## DATA EXTRACT
------------------------------

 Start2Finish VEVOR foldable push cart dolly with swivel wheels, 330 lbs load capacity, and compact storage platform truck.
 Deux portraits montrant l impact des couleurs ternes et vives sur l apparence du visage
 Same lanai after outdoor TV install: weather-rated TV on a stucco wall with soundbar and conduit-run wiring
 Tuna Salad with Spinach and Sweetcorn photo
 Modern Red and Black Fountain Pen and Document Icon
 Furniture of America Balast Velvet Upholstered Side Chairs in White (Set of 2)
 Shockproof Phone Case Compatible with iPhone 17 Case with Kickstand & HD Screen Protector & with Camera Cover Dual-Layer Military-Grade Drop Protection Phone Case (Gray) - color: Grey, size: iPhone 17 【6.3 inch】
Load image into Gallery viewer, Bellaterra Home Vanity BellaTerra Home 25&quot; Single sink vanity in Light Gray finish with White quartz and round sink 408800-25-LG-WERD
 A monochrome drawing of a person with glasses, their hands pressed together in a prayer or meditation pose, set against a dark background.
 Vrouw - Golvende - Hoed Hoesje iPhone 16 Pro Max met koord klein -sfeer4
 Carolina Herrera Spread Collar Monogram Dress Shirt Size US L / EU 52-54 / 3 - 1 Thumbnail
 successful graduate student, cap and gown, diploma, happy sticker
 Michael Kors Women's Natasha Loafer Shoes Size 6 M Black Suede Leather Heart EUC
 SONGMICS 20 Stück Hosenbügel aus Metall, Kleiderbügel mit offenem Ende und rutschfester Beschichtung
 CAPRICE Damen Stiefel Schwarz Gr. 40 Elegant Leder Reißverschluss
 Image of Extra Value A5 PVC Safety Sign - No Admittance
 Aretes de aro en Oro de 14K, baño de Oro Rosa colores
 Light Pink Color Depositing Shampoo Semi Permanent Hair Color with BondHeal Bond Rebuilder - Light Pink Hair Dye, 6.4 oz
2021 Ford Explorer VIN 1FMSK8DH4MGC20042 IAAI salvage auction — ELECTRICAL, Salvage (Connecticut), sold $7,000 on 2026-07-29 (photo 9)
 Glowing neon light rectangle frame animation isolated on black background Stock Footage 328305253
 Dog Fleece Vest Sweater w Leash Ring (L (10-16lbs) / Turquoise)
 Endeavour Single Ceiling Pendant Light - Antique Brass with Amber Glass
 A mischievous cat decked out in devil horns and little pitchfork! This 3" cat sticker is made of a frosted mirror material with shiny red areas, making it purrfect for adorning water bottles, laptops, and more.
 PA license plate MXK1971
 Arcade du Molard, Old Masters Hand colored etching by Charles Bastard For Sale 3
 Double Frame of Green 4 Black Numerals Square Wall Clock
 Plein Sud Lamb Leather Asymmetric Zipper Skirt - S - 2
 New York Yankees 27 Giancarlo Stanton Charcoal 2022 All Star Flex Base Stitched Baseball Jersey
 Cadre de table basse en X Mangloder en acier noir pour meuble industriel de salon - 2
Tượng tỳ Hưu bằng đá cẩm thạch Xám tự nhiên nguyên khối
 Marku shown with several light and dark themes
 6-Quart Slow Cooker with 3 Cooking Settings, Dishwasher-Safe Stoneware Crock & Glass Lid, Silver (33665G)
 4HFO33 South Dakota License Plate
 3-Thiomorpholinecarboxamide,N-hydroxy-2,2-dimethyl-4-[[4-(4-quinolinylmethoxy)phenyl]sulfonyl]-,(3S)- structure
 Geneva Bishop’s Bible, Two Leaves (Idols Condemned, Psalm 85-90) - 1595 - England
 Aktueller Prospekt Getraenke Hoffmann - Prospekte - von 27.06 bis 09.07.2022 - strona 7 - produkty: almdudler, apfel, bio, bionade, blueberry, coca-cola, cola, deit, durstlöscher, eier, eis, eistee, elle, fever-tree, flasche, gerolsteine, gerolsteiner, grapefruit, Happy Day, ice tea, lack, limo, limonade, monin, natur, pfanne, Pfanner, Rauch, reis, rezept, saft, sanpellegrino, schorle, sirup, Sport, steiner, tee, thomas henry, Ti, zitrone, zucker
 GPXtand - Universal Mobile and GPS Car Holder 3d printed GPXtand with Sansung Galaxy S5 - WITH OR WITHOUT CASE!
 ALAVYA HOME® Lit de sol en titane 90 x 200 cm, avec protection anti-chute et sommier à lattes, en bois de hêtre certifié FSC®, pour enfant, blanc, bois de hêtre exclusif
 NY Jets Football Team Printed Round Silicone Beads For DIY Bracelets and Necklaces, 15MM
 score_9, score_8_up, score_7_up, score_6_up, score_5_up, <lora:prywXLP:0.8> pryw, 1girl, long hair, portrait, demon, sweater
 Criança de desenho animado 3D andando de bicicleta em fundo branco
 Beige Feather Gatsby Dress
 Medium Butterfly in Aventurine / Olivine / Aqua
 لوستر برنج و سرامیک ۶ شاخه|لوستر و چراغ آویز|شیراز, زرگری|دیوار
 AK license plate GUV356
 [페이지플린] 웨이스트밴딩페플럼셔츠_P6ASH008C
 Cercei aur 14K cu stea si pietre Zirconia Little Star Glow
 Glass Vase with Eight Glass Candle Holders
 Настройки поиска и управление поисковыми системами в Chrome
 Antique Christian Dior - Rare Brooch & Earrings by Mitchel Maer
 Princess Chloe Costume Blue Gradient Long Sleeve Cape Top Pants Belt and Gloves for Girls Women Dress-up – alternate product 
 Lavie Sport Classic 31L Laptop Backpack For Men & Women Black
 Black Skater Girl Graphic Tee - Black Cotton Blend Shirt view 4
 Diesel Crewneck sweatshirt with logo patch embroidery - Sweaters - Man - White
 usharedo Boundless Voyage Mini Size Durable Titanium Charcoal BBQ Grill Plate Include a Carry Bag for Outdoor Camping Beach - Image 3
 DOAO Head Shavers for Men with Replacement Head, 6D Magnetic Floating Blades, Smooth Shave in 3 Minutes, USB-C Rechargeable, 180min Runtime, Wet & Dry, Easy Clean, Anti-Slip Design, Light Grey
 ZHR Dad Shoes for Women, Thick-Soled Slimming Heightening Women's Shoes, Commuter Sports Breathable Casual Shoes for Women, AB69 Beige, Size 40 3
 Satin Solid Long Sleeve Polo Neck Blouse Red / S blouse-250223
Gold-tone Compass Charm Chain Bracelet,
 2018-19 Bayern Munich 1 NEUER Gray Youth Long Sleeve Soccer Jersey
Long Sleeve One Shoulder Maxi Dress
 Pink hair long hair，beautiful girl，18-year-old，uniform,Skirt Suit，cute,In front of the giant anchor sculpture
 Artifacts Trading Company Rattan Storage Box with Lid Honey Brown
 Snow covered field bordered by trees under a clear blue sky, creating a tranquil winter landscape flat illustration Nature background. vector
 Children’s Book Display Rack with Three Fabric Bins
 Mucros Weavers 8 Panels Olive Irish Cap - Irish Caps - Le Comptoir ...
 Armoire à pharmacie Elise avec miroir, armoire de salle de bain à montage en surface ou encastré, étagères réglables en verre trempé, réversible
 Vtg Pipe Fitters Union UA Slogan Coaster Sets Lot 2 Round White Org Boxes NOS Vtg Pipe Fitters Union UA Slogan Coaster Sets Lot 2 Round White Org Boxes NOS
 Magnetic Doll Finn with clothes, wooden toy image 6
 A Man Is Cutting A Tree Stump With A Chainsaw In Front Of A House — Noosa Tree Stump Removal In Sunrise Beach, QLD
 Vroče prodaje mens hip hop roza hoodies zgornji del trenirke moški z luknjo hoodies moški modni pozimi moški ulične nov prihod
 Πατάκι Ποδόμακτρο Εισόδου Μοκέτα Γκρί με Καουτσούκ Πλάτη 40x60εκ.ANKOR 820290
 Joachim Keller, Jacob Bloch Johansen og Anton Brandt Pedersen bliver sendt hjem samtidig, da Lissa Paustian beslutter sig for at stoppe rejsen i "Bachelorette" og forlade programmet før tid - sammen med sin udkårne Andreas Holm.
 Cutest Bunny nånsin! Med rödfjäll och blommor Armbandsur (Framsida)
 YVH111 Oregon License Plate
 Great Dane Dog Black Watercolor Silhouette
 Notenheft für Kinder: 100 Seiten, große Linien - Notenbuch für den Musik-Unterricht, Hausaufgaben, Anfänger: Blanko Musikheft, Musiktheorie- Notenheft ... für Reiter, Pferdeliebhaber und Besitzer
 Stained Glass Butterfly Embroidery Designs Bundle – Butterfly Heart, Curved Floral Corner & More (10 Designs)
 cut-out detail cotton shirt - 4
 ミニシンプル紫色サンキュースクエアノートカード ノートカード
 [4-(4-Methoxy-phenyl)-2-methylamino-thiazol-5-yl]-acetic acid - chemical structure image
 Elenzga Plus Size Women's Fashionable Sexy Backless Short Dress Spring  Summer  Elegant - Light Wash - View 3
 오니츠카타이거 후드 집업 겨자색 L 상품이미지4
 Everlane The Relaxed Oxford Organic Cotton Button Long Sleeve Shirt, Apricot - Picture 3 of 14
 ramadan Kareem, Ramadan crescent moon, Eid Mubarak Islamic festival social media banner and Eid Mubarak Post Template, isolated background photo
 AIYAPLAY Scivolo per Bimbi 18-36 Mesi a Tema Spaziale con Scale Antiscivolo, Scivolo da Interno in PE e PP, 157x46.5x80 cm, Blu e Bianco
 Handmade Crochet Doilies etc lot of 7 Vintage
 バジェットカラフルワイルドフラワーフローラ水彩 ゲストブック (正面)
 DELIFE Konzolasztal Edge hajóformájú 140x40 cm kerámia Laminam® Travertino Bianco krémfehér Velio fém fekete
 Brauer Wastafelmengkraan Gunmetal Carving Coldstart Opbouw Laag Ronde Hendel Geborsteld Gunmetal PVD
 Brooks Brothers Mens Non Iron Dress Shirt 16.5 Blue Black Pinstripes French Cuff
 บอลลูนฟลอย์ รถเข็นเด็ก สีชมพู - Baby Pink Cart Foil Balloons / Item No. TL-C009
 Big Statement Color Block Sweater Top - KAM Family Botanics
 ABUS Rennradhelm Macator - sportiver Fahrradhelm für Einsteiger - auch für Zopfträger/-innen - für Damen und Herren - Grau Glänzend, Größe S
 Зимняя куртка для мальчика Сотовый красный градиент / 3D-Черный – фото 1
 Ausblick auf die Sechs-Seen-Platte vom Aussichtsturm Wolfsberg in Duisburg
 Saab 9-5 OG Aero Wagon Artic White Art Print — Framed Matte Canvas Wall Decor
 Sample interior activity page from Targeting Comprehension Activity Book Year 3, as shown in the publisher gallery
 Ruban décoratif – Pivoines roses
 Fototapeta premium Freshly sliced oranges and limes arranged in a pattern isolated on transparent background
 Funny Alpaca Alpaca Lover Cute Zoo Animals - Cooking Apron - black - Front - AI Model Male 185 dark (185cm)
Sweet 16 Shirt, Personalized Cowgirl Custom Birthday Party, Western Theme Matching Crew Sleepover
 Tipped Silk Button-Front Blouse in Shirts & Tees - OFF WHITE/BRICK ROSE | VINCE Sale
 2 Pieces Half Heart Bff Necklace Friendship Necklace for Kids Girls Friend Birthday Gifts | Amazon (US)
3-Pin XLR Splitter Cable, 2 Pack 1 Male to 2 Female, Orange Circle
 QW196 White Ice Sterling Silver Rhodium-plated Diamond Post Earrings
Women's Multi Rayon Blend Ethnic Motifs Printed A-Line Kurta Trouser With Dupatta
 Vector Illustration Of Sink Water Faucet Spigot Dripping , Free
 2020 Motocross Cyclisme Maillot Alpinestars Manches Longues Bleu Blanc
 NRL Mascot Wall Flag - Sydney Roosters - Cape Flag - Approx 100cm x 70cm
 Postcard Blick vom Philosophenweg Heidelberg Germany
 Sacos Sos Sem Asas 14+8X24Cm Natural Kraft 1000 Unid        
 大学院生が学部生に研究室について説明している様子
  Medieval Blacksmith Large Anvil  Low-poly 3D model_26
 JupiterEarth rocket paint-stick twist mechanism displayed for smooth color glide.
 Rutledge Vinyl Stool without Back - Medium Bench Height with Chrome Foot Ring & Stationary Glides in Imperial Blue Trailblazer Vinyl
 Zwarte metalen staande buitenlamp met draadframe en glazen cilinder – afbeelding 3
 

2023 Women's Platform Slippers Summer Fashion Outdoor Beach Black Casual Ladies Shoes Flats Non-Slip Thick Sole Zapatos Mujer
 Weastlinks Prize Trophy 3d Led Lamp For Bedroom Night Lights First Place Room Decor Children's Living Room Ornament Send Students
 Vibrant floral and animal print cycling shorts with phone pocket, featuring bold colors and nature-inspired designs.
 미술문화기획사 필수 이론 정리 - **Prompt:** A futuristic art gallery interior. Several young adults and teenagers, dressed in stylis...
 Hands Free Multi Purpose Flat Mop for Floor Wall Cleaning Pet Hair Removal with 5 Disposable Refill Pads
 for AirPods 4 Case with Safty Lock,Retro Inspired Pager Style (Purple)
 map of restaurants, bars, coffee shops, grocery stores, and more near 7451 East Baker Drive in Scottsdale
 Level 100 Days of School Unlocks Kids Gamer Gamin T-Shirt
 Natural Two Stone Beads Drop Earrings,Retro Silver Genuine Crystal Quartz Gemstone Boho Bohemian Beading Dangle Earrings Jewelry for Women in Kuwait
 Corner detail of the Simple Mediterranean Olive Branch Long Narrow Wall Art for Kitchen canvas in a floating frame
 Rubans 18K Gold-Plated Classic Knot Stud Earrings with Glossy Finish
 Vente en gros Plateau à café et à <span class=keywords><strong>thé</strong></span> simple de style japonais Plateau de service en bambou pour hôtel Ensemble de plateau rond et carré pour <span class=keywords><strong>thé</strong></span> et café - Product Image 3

------------------------------

## WORK ORDER
Look above for the line with "New York Yankees" and the line with "ALAVYA HOME® Lit", and reproduce exactly those two lines plus every line between, nothing more.

## SOLUTION TO THIS TASK
 New York Yankees 27 Giancarlo Stanton Charcoal 2022 All Star Flex Base Stitched Baseball Jersey
 Cadre de table basse en X Mangloder en acier noir pour meuble industriel de salon - 2
Tượng tỳ Hưu bằng đá cẩm thạch Xám tự nhiên nguyên khối
 Marku shown with several light and dark themes
 6-Quart Slow Cooker with 3 Cooking Settings, Dishwasher-Safe Stoneware Crock & Glass Lid, Silver (33665G)
 4HFO33 South Dakota License Plate
 3-Thiomorpholinecarboxamide,N-hydroxy-2,2-dimethyl-4-[[4-(4-quinolinylmethoxy)phenyl]sulfonyl]-,(3S)- structure
 Geneva Bishop’s Bible, Two Leaves (Idols Condemned, Psalm 85-90) - 1595 - England
 Aktueller Prospekt Getraenke Hoffmann - Prospekte - von 27.06 bis 09.07.2022 - strona 7 - produkty: almdudler, apfel, bio, bionade, blueberry, coca-cola, cola, deit, durstlöscher, eier, eis, eistee, elle, fever-tree, flasche, gerolsteine, gerolsteiner, grapefruit, Happy Day, ice tea, lack, limo, limonade, monin, natur, pfanne, Pfanner, Rauch, reis, rezept, saft, sanpellegrino, schorle, sirup, Sport, steiner, tee, thomas henry, Ti, zitrone, zucker
 GPXtand - Universal Mobile and GPS Car Holder 3d printed GPXtand with Sansung Galaxy S5 - WITH OR WITHOUT CASE!
 ALAVYA HOME® Lit de sol en titane 90 x 200 cm, avec protection anti-chute et sommier à lattes, en bois de hêtre certifié FSC®, pour enfant, blanc, bois de hêtre exclusif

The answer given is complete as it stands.